User-based filtering vs Item-based filtering

This project build recommendation system to recommend the sequence of learning class units and partners that students could cooperate with in the class. The recommendation is based on a survey that asks about students perception on difficulty and interest of each unit. The purpose is to build a system that enables personalized study and make study recommendation specific to each student based on their interest and perception of difficulty of the units. The recommender is based on a type of collaborative filter.
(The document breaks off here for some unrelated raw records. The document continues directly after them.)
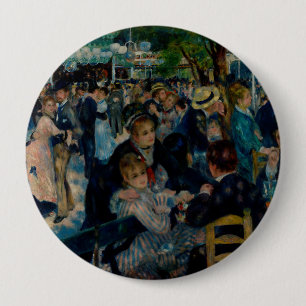 Dance at Le Moulin de la Galette - Auguste Renoir 10 Cm Round Badge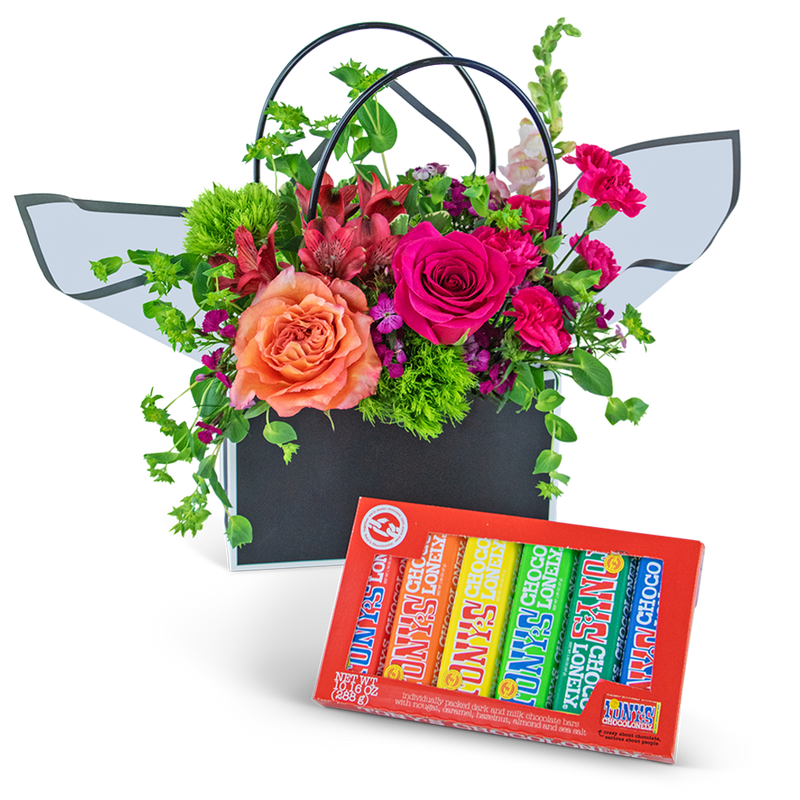 Chocolate-Covered Roses Blooming Tote Ensemble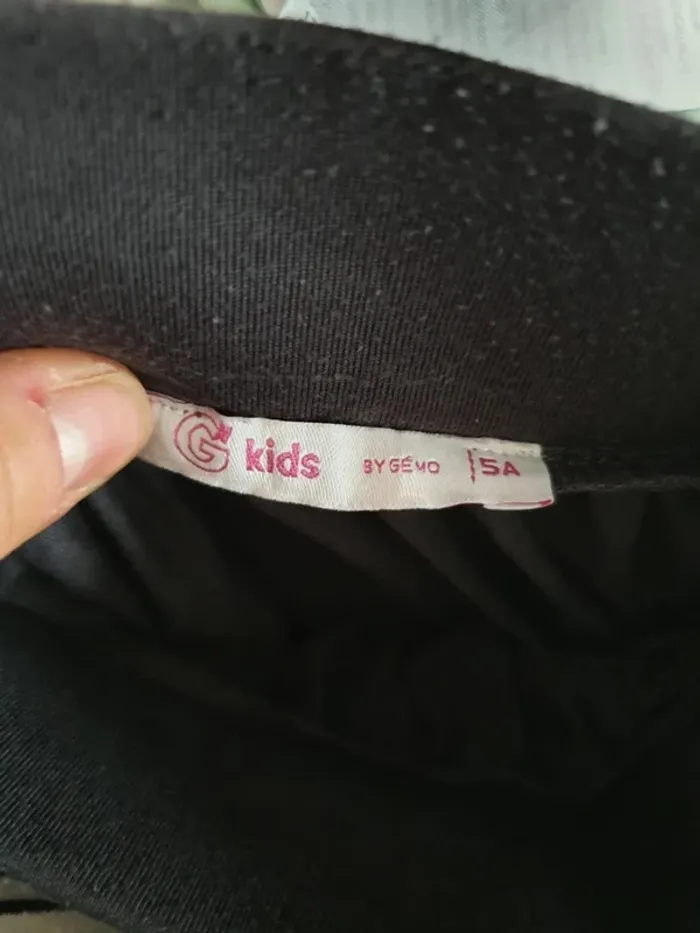 Pantalon pantacourt sarouel gym g kids gemo taille 5 ans - photo numéro 3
- The recommendation system will suggest which unit a student should learn next.
- The recommendation system will suggest two classmates that a student can partner with in the class.
We have two datasets: Difficulty - Students' perception (rating) on the difficulty of each unit Interest - Students' perception (rating) of their interest of each unit
DD<-read.csv("difficulty.csv", header=TRUE)
DI<-read.csv("interest.csv", header=TRUE)
DI1<-DI[!duplicated(DI$name), ]
rownames(DI1)<-DI1$name
DI1<-select(DI1, -1)
DI1<-as.matrix(DI1)
DD1<-DD[!duplicated(DD$name), ]
rownames(DD1)<-DD1$name
DD1<-select(DD1, -1)
DD1<-as.matrix(DD1)
DI1 <- t(DI1)
DI1[is.na(DI1)]=0
DD1<-t(DD1)
DD1[is.na(DD1)]=0
I.SIM <- cosine(DI1)
diag(I.SIM)<-NA
D.SIM<-cosine(DD1)
diag(D.SIM)<-NA
stu.name <- ""
# orders the column of the matrix corresponding to the student according to similarity and returns the top two student ids for the students who's interests are most similar to yours
head(rownames(I.SIM[order(I.SIM[stu.name,], decreasing = TRUE),]), n = 2)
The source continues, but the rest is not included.